Rude awakening for planners' dream
England's plan to move Gallian up to open in the second innings, if Alec Stewart was kept behind the wicket for a day or more, is ruined. Gallian's departure yesterday for treatment means he will be unable to bat in the second innings - if at all - before number seven in the order.
Yesterday was, in fact, the planners' worst scenario: England experiment with the team on the back of one victory; ask and are given a pitch that has grass for the seamers and bare dry areas for the spinners; win the toss and elect to bat; are dismissed for 147 in 45 overs; and their debutant breaks a finger.
England were full of good intentions. They dropped Mark Ramprakash and called up not the more experienced and in-form John Crawley, but opted for the potential of Gallian.
On Wednesday, Ray Illingworth pronounced the pitch the kind of surface England were seeking. Mike Atherton, winning the toss, preferred a bumpy surface first to a wearing one later, and England fell into despair from the captain's departure to the third ball of the day.
Warwickshire stoutly defended their square, echoing Illy's words that it was the surface the Test and County Cricket Board had been prescribing.

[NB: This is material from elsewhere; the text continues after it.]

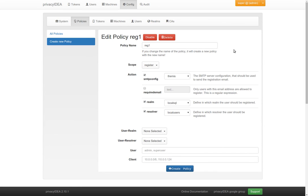So I hope you see that the life of the administrator gets easier this way. Check out privacyIDEA 2.10 and thank you for watching.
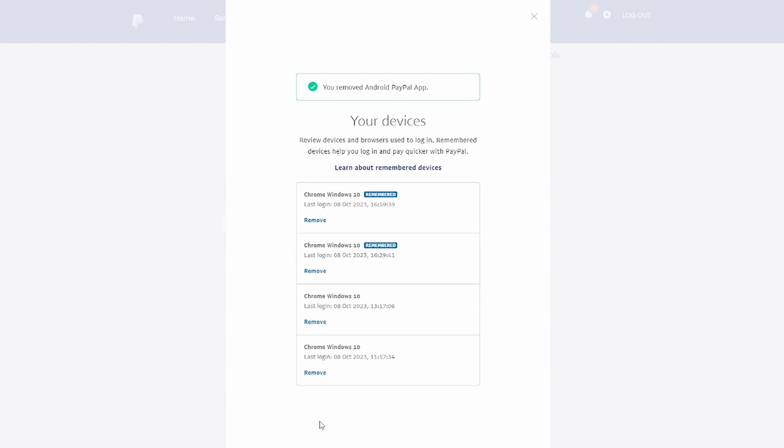It's advisable to enable two-step verification to add an extra layer of security to your PayPal account. This will require you to enter a one-time code, in addition to your password, every time you log into PayPal.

Steve Rouse, the head groundsman, added: "It's the sort of pitch on which Lara was creaming them all over the ground last season".
The West Indies did not quite have a perfect day, although the much-derided Junior Murray never put a glove wrong. Curtly Ambrose departed after only 15 overs with a groin strain and the manager, Wes Hall, said he will bowl again "only if necessary".
As at Lord's, a batsman fell immediately after a streaker (two yesterday) appeared, Carl Hooper this time being caught down the leg side. Ladbrokes posted the West Indies as 1-9 favourites last night, the shortest odds ever at the end of a first day's play.